Share

Bab 7. Malam Pertama

Vickal memilih untuk tidak membuat kegaduhan semakin parah malam itu dengan cara kembali masuk ke kamar mandi dan memakai pakaian kotor yang semula ia pakai. Sungguh dirinya merasa menjadi pengantin pria paling apes sedunia dimana ia harus menikah tanpa persiapan apapun dan harus menikahi seekor rakun yang begitu rewel.

Selepas memakai pakaiannya kembali, Vickal keluar dari kamar mandi. Rambutnya yang basah menyisakan beberapa tetes air yang mengalir melewati dahi dan juga pipinya. Pria itu nampak cuek, melirik sekilas ke arah Anggun yang memperhatikannya dengan begitu detail. "Ada apa? Tidak pernah melihat orang seganteng saya?"

Anggun lantas memalingkan wajah, ia tidak ingin pria ini menilainya dengan beraneka macam penilaian tak jelas. "Aku tidak tahu kenapa kamu harus hadir disaat suasana genting seperti ini?! Entah, apakah aku harus bersyukur atau kesal karena hal ini."

Vickal tak berkomentar, ia berjalan menuju ke pintu untuk keluar dari kamar pribadi milik Anggun. "Kamu terlalu banyak berpikir, saya sendiri juga kaget kenapa harus mendapatkan jodoh seperti kamu. Hanya saja saya segera menerima dengan ikhlas, karena apa?
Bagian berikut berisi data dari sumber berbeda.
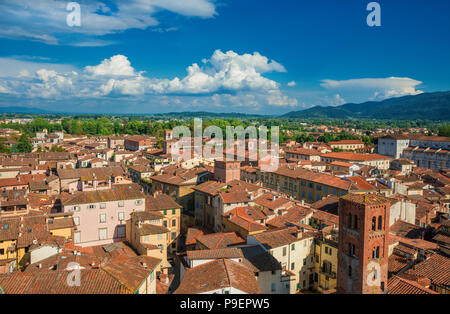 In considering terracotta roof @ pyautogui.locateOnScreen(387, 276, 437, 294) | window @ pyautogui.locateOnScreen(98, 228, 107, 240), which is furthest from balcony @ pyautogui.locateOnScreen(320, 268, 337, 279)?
window @ pyautogui.locateOnScreen(98, 228, 107, 240)

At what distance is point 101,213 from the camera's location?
33844 millimetres

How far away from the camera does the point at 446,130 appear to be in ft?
450

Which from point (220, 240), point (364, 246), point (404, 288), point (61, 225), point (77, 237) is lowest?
point (77, 237)

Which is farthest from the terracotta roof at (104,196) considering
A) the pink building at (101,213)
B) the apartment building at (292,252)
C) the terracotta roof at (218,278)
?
the terracotta roof at (218,278)

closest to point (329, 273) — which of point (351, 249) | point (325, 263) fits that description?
point (325, 263)

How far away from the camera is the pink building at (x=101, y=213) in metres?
32.9

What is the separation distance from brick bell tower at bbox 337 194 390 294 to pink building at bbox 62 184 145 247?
71.0ft

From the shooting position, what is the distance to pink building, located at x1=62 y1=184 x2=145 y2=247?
32.9 meters

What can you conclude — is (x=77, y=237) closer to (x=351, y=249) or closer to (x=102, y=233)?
(x=102, y=233)

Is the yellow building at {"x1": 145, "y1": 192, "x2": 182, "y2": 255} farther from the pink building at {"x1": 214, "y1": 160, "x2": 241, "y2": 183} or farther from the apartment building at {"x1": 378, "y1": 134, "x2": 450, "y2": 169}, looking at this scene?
the apartment building at {"x1": 378, "y1": 134, "x2": 450, "y2": 169}

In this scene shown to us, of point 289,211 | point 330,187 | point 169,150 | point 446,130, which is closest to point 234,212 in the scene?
point 289,211

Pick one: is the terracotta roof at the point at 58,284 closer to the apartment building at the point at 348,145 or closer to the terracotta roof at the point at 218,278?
the terracotta roof at the point at 218,278

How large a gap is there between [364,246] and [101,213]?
24.6 m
Terkadang Tuhan itu mempertemukan jodohnya dengan cara yang tak biasa."

Seusai menjawab demikian, Vickal keluar dari kamar Anggun. Entah apa yang ia lakukan diluar sana sama sekali tidak mengubah rasa kecewa yang kini telanjur merajam hati Anggun. Menghela napas, gadis itu bangkit dari sisi ranjang lalu bergegas untuk membersihkan diri. Siapa tahu seusai ia menyiramkan air ke tubuhnya maka pikirannya akan jauh lebih baik dan tidak sesesak ini.

Sementara itu Vickal menuruni anak tangga dan menuju ke ruang dapur. Rasa lelah karena harus berpura-pura bahagia di depan tamu membuatnya harus mendapatkan sentuhan kecil dari secangkir kopi yang akan ia buat sebentar lagi. Suasana rumah masih ramai, beberapa orang masih sibuk mengangkat beberapa kursi dan meja sewaan ke dalam truk.

Di ruang dapur Vickal mendapati Vicky tengah menikmati secangkir kopi sendirian. Ia tidak memiliki teman, entah kemana Andini pergi mungkin beliau sudah masuk ke dalam kamar untuk beristirahat.

"Kenapa sendirian?" Vickal menyapa ala kadarnya seraya meraih salah satu cangkir keramik yang tertata rapi di meja dapur. Pria itu mencoba meracik kopi untuk ia minum malam ini.

"Ibu sudah berangkat tidur, semua orang disini nampak kelelahan. Hanya Paman Hermawan yang masih sibuk membantu orang-orang mengangkut kursi tamu sewaan ke atas truk besar." Vicky menjelaskan seraya menatap kepulan asap yang tercipta dari kopi yang ia buat.

Vickal terdiam, ia sibuk membuat kopi. Menambahkan dua sendok gula manis ke atas bubuk kopi, Vickal meraih termos air panas dan menuangkan air mendidih itu ke dalam cangkir. "Bagaimana? Apakah kau puas sekarang?"

"Hah? Apa maksudnya Vickal?" Vicky mengerutkan dahi, ia menatap saudara kembarnya dengan tatapan tak paham.

Vickal belum menjawab, ia tengah mengaduk kopinya dengan santai. "Hanya Tuhan yang tahu apa yang ada di dalam benakmu sekarang."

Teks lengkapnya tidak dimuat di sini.